Pasar ini dibuka setiap pagi pukul 08.00 WIB sampai pukul 12.00. Di dalamnya pemerintah menjual berbagai kebutuhan pokok, mulai dari beras hingga minyak goreng, juga daging ayam potong, dengan harga normal karena langsung dari distributor. Pemerintah menyubsidi biaya distribusi sehingga masyarakat bisa membeli dengan harga lebih murah dari harga di pasar.
”Dengan adanya intervensi pemerintah, maka diberikan subsidi kepada masyarakat. Kami berharap semoga dengan adanya kegiatan pasar penyeimbang ini, stabilitas harga bisa terjaga dengan baik,” kata Edy.

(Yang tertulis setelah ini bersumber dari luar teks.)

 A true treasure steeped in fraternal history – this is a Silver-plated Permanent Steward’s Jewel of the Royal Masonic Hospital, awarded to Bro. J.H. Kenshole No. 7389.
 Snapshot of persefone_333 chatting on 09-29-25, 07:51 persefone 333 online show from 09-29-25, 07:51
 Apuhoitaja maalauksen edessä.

Namun, sampai saat ini pasar penyeimbang belum berhasil menurunkan harga meskipun barang pokok yang dijual ludes dibeli masyarakat. Namun, pasar penyeimbang bukan pasar utama yang mampu memenuhi permintaan, selalu terjadi kekurangan.

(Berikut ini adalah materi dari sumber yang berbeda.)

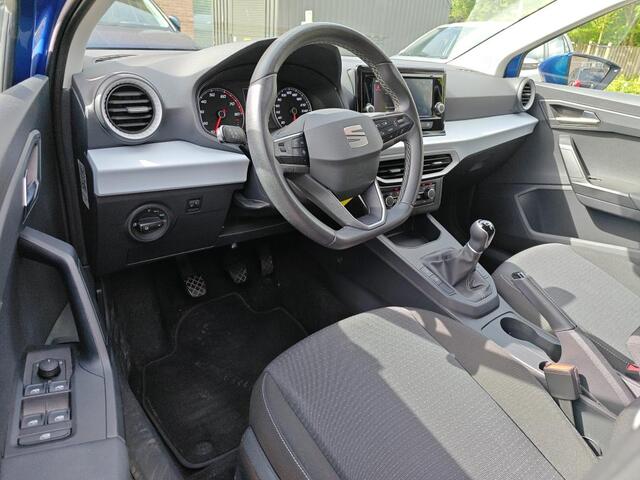 Seat IBIZA 1.0 EcoTSI 95pk Style / App. Connect / Climate Controle / Parkeersensoren Achterzijde / 15''LMV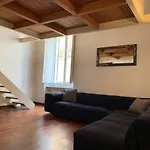 La Contessa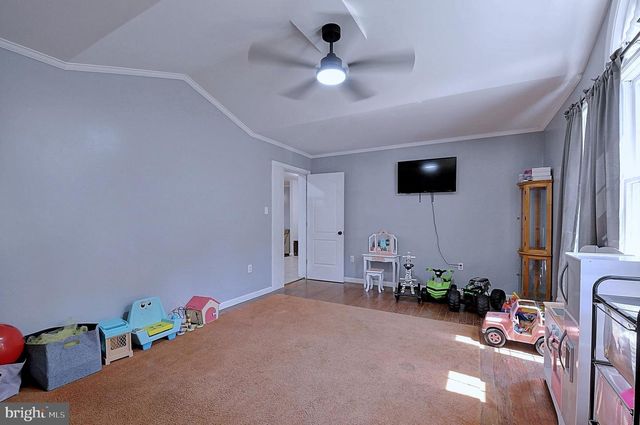 121 SWEETBRIAR LN, Winchester, VA 22603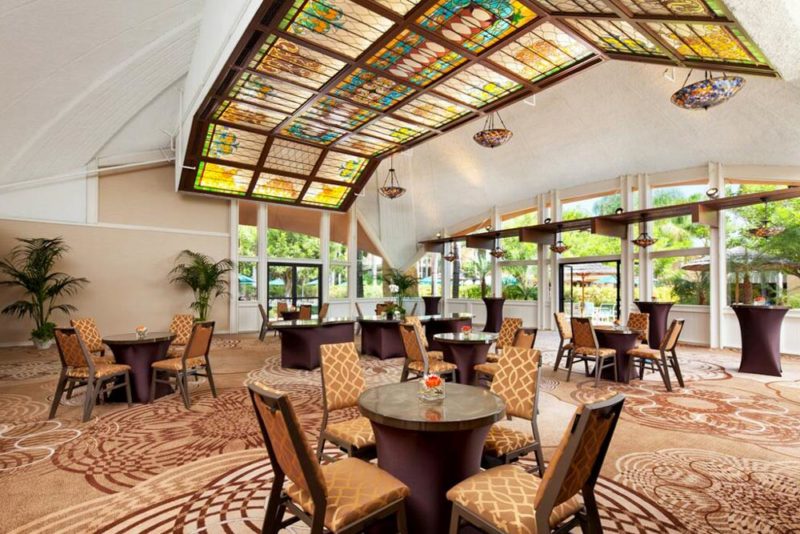 Where to Stay in Anaheim Near Disneyland: Sheraton Park Hotel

”Memang tidak bisa langsung, tetapi paling tidak kehadiran pasar penyeimbang bisa membantu masyarakat, khususnya yang kurang mampu. Apalagi, di sini semuanya terjangkau karena disubsidi,” ujar Edy.
Ironi
Kenaikan harga beras dilihat sebagai bentuk ironi karena Kalteng didapuk sebagai lumbung pangan nasional sejak kehadiran Program Strategis Nasional (PSN) yang dikenal dengan sebutan food estate.
Terdapat dua komoditas utama dalam program tersebut, yakni padi dan singkong. Program singkong kini ditanami jagung di lahan seluas lebih kurang 600 hektar, sedangkan komoditas padi dibagi menjadi dua bagian.

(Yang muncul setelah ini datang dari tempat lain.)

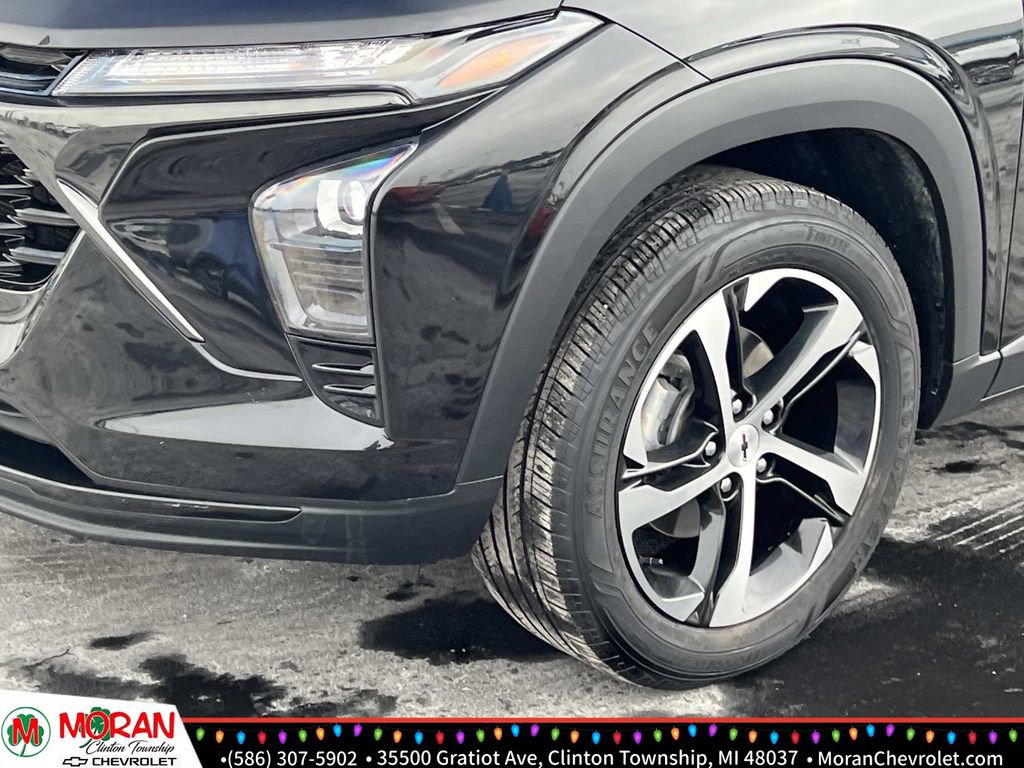 Certified 2024 Chevrolet Trax RS w/ Driver Confidence Package image 8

Seharusnya dengan luas produksi ditambah, produksi beras di Kalteng menjadi berlimpah. Namun, kenyataan justru sebaliknya.
Pertama, program intensifikasi atau mengintensifkan kembali sawah petani yang sudah ada luasnya di Kalteng mencapai lebih kurang 31.000 hektar di dua kabupaten, yakni Kapuas dan Pulang Pisau. Program kedua disebut ekstensifikasi atau pembuatan sawah di lahan baru yang luasnya, sampai saat ini, mencapai 16.644 hektar (Kompas.id, 9 Oktober 2022).
Direktur Save Our Borneo Muhammad Habibi mengungkapkan, seharusnya dengan luas produksi ditambah, produksi beras di Kalteng menjadi berlimpah. Namun, kenyataan justru sebaliknya.
”Ada kegagalan dalam proyek ini, terutama yang singkong. Ini menunjukkan ketidakseriusan pemerintah dalam mengurus pangan,” kata Habibi.